Cricket and PoliticsGulu Ezekiel |
Cricket has historically played a disproportionately large role in the realm of international relations considering it is competed at the highest level by fewer than a dozen nations.
Following the recent death of the iconic English cricketer Basil D’Oliveira at the age of 80 his obituaries centred round the unwitting role he played in the banning of South Africa – the country of his birth – from the international sporting arena due to their abhorrent policy of racial segregation or apartheid.
Discriminated against at home, D?Oliveira made an epic journey to England in 1960 and his Test debut for his adopted land six years later was followed by belated selection for the tour of South Africa in 1968. It is the stuff of cricket legend.
But the cricket world was riled by his original omission from the touring party despite a match-winning 158 against Australia in the preceding Test match. Speculation has always been rife that it was orders from the top from both Pretoria and London that led to that shocking decision. But when one of the players originally chosen had to withdraw due to injury, the path was clear for D?Oliveira.
His eventual selection was condemned as a game of “political football” by the apartheid regime which scored an own-goal when they refused permission to allow “Dolly” to play in South Africa simply because he was not white skinned. The tour was cancelled and two years later South Africa were banned from international cricket. They had earlier been banned from the Olympics as well.
South Africa’s readmission in 1991 came only after the release of Nelson Mandela from prison and the eventual dismantling of apartheid – this final act having been set in motion in 1968 by the selection for the England cricket team of a non-white player for a tour of the land of his birth.
“We shall win the Ashes – but we may very well lose a Dominion” were the prophetic words of Douglas Jardine’s school coach when he heard that his former student was to lead England to Australia in 1932-33 – the infamous “Bodyline” series.
This violent form of bowling devised by Jardine was English cricket’s desperate ploy to staunch the torrent of runs flowing from the bat of Australia’s champion Don Bradman.
The plan worked – England won the series 4-1 and regained the Ashes. But it led to a furore that threatened diplomatic ties between Australia and the “mother country” following a flurry of furious cables between the Australian Cricket Board and the MCC.
No wonder Britain’s secretary of state for the Dominions JH Thomas exclaimed in 1933: “No politics ever introduced in the British Empire ever caused me so much trouble as this damn Bodyline bowling.”
Few sporting rivalries though can match an India/Pakistan cricket match for tension laden with political overtones.
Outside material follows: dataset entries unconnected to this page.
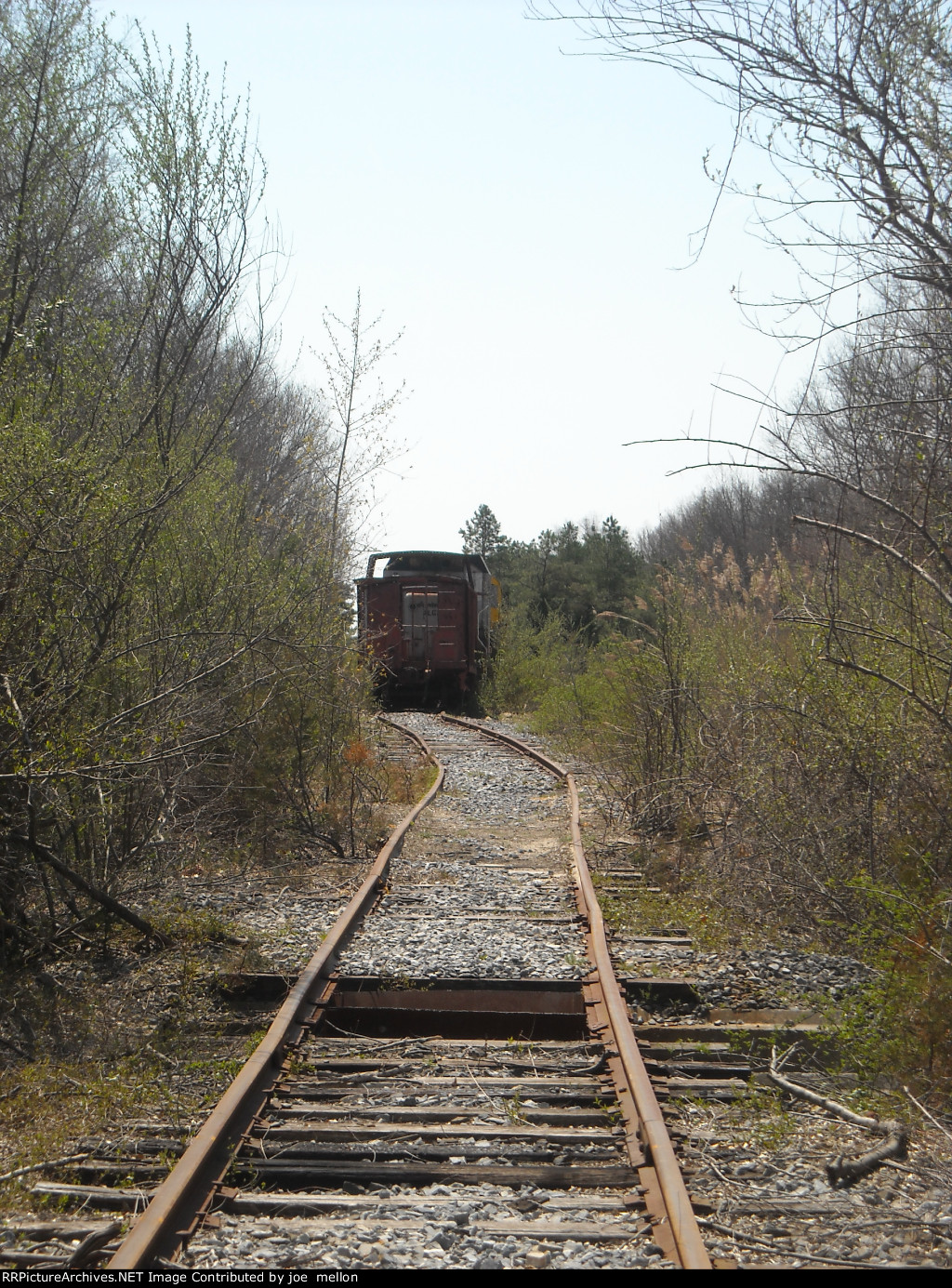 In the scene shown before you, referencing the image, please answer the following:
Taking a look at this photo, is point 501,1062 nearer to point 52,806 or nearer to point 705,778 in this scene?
point 52,806

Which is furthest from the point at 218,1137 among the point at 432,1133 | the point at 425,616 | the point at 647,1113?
the point at 425,616

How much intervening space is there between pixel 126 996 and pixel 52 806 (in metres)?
1.08

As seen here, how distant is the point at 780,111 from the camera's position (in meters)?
4.63

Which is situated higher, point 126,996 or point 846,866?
point 846,866

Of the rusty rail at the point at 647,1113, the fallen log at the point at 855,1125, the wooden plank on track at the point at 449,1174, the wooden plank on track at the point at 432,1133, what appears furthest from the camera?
the wooden plank on track at the point at 432,1133

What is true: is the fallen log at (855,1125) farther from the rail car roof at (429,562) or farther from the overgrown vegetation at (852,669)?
the rail car roof at (429,562)

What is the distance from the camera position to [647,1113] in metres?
3.61

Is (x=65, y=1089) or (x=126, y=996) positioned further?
(x=126, y=996)

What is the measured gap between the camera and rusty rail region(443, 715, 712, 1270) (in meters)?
2.81

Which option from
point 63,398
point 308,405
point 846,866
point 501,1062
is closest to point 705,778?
point 846,866

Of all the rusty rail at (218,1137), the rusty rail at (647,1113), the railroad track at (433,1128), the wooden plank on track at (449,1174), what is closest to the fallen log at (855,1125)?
the railroad track at (433,1128)

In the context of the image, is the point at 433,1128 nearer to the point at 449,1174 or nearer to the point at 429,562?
the point at 449,1174

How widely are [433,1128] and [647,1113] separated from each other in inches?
30.1

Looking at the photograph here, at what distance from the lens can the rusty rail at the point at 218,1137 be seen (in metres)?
2.82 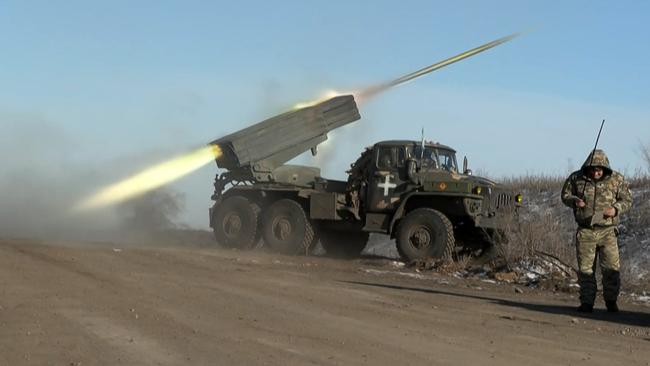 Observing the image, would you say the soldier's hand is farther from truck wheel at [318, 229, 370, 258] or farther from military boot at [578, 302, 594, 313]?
truck wheel at [318, 229, 370, 258]

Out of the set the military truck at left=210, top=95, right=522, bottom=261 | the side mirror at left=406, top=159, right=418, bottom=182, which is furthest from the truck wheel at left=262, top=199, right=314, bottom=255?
the side mirror at left=406, top=159, right=418, bottom=182

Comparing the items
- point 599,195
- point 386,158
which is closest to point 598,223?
point 599,195

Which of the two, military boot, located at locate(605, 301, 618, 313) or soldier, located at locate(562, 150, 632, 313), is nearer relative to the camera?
soldier, located at locate(562, 150, 632, 313)

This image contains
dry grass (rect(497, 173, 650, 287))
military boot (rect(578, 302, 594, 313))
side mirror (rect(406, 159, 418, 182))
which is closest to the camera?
military boot (rect(578, 302, 594, 313))

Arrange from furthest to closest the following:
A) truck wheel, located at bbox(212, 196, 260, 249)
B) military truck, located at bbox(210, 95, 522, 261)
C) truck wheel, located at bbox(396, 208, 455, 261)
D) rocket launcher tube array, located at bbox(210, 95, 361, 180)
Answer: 1. truck wheel, located at bbox(212, 196, 260, 249)
2. rocket launcher tube array, located at bbox(210, 95, 361, 180)
3. military truck, located at bbox(210, 95, 522, 261)
4. truck wheel, located at bbox(396, 208, 455, 261)

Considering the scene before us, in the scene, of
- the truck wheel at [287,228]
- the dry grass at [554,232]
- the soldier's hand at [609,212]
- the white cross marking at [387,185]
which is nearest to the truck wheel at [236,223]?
the truck wheel at [287,228]

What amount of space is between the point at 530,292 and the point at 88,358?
8306 millimetres

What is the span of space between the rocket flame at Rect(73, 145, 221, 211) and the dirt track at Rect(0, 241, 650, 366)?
6884 mm

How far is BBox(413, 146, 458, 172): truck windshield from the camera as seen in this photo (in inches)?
691

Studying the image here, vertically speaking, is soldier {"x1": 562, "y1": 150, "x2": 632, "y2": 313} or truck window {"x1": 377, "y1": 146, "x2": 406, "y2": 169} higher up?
truck window {"x1": 377, "y1": 146, "x2": 406, "y2": 169}

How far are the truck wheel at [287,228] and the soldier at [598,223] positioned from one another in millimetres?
9294

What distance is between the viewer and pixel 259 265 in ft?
49.3

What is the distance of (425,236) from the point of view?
16.6 meters

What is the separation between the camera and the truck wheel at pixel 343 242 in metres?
19.9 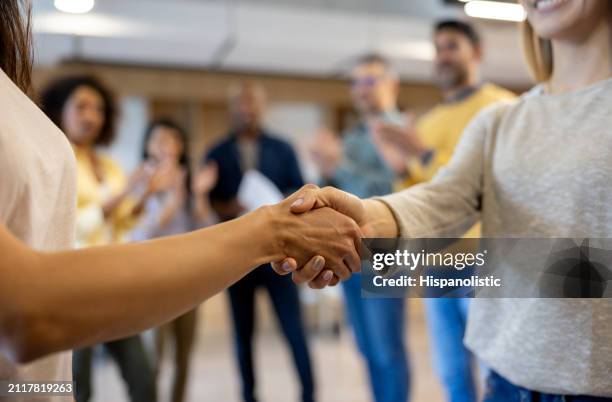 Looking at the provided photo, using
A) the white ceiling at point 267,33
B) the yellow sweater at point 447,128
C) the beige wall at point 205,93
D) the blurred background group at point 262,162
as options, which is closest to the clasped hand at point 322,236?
the blurred background group at point 262,162

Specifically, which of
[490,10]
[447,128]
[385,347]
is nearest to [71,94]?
[447,128]

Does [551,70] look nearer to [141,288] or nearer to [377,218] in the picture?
[377,218]

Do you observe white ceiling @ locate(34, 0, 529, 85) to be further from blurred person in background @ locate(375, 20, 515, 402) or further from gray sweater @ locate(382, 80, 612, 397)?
gray sweater @ locate(382, 80, 612, 397)

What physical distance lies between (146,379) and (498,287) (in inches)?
49.5

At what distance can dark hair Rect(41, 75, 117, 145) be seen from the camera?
6.53 ft

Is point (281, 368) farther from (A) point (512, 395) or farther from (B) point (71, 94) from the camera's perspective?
(A) point (512, 395)

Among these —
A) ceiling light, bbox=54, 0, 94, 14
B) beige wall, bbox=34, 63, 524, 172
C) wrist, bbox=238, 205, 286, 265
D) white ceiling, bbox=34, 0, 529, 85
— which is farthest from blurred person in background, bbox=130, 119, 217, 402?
beige wall, bbox=34, 63, 524, 172

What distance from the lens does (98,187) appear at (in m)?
1.97

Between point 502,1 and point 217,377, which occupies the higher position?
point 502,1

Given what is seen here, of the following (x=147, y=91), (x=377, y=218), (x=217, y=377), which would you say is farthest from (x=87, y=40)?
(x=377, y=218)

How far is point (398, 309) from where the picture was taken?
198 cm

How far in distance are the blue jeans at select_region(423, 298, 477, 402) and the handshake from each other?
70 centimetres

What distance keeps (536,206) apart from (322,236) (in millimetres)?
318

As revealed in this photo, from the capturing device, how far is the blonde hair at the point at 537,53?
3.24 ft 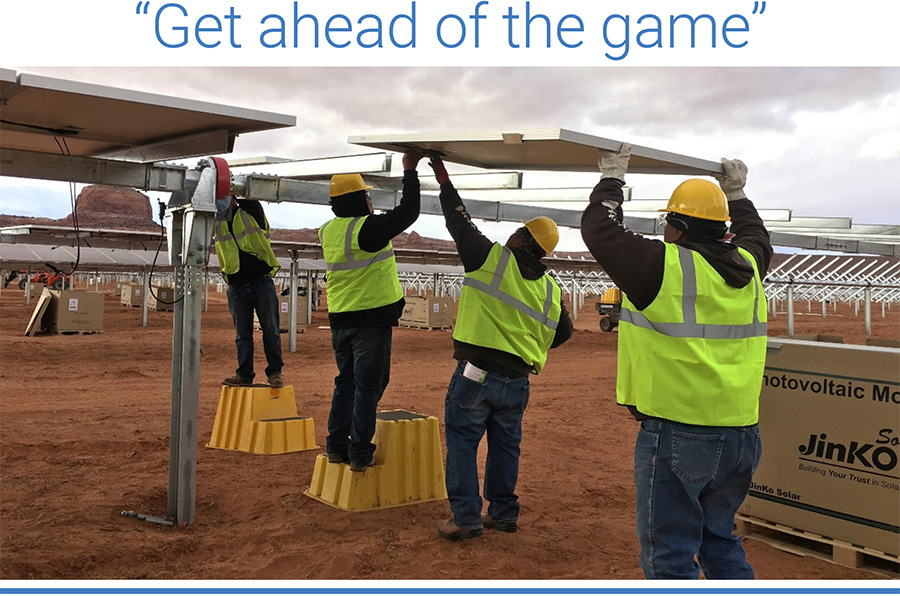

It has always been thus though the Board of Control for Cricket in India’s support for Pakistan to gain Test match status (granted just five years after the nation’s birth) has rarely been acknowledged.
Despite the fraught political ties, the Indian and Pakistani cricket boards have twice jointly hosted the World Cup successfully, first in 1987 and then in 1996, the latter with Sri Lanka.
An India/Pakistan World Cup semi-final this year was too much for our political leadership to resist and the showdown at Mohali was turned into a mini-summit when Prime Minister Manmohan Singh invited his Pakistani counterpart Yousaf Raza Gilani to witness the match.
Back in February 1987 Pakistan President General Zia-ul-Haq practically invited himself for the Test match at Jaipur, thus scoring political points over our Prime Minister Rajiv Gandhi.
Whether played at home, at the traditional cricket venues around the world or at unusual locations like Singapore, Sharjah and Toronto, a cricket match between India and Pakistan has always been about more than just sport. And that is unlikely to change in the foreseeable future.